Many businesses often confuse Marketing with the Sales side of business because of their close relationship. Marketing by definition of its primary purpose takes a far longer term view and focuses on driving consumer demand though public relations, packaging, advertising and promotional programmes which include Sales as an entity. Marketing operates at a much higher level in an organisation. Sales on the other hand takes a much shorter term view and focuses on satisfying the demand created by marketing campaigns. Sales forms part of the Promotions element of Marketing and takes place at a much lower level than marketing which overarches this discipline
In its simplest form the Marketing Mix consists of the 4 P’S viz: -Product- Price – Place and Promotion.
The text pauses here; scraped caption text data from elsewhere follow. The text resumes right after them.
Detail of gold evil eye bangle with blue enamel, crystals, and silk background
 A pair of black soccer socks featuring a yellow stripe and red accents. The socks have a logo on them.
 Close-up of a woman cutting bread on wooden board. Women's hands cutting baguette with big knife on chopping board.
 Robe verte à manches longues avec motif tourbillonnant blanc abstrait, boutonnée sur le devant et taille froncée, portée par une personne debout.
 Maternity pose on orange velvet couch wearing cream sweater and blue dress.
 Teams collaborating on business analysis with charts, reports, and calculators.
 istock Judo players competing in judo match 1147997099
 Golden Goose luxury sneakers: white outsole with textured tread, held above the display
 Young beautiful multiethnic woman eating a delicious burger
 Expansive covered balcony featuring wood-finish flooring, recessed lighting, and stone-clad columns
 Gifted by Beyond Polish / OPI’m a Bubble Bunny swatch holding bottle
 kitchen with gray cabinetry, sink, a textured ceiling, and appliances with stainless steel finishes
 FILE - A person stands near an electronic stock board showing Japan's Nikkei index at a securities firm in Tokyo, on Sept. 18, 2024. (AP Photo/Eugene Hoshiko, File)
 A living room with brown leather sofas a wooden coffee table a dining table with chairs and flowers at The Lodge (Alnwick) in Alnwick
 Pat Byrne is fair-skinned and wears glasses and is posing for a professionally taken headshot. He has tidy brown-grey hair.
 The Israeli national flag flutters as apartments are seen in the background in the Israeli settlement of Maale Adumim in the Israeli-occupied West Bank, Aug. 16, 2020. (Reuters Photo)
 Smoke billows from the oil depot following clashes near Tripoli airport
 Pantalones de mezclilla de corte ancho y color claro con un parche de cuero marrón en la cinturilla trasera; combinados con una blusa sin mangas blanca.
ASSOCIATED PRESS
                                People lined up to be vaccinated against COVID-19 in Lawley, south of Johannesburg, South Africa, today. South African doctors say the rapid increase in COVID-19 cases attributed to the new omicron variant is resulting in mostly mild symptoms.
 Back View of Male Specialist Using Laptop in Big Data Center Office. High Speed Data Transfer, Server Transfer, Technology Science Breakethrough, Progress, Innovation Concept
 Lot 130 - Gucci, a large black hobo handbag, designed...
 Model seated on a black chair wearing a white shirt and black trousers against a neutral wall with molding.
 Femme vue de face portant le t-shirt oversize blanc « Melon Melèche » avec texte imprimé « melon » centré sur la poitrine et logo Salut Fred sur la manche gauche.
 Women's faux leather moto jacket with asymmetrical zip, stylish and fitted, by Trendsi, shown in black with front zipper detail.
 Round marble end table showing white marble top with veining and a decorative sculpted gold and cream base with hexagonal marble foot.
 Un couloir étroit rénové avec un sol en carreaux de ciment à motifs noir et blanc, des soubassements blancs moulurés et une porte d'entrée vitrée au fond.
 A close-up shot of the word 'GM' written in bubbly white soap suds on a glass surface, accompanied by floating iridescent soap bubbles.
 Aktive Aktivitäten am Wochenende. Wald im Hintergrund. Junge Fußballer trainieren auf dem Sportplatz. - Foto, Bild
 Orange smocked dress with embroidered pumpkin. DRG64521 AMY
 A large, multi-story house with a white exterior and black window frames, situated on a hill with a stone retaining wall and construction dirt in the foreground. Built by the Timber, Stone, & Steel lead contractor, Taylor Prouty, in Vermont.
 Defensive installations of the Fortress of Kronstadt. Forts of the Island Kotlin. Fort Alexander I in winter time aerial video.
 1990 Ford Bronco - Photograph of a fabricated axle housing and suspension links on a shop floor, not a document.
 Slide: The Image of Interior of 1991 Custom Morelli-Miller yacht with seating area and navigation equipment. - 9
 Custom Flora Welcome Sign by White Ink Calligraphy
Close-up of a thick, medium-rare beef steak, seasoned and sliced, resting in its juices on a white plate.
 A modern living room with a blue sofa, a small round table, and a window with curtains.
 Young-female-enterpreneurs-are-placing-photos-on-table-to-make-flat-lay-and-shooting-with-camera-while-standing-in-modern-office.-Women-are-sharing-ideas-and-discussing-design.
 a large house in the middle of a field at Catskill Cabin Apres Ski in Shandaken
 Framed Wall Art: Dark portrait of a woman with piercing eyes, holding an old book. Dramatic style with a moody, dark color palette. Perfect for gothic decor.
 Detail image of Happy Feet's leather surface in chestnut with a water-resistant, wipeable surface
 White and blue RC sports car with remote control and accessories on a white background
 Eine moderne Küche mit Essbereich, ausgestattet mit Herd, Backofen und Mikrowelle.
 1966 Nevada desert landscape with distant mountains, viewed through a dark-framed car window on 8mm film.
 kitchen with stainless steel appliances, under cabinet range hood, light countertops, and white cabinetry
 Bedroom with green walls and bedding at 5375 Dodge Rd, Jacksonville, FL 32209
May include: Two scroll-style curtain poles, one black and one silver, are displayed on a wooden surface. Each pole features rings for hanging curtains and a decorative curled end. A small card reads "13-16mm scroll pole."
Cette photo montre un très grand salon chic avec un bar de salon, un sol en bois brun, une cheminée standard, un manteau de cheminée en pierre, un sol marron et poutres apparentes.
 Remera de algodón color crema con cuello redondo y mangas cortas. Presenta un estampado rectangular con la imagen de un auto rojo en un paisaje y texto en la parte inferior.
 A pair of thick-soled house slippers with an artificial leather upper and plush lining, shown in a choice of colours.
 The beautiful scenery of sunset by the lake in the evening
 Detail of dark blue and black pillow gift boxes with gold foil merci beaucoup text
All of these depend on the business’s ability to identify its Target Market accurately and to sell and deliver their goods through the correct distribution channels (Place), which in turn serve the consumers you are targeting.
With the level of competition today it is almost impossible to gain market share without first finding the growth segments within a specific product category. Market segmentation is a complex exercise but is an absolute essential part of creating a successful business. Take restaurants as an example there are approximately 65 Food retail outlets in the Ballito catchment area, most of whom struggle because they lack critical mass and do not have a clearly defined position in the market place and attempt to be “a jack of all trade and master of none”.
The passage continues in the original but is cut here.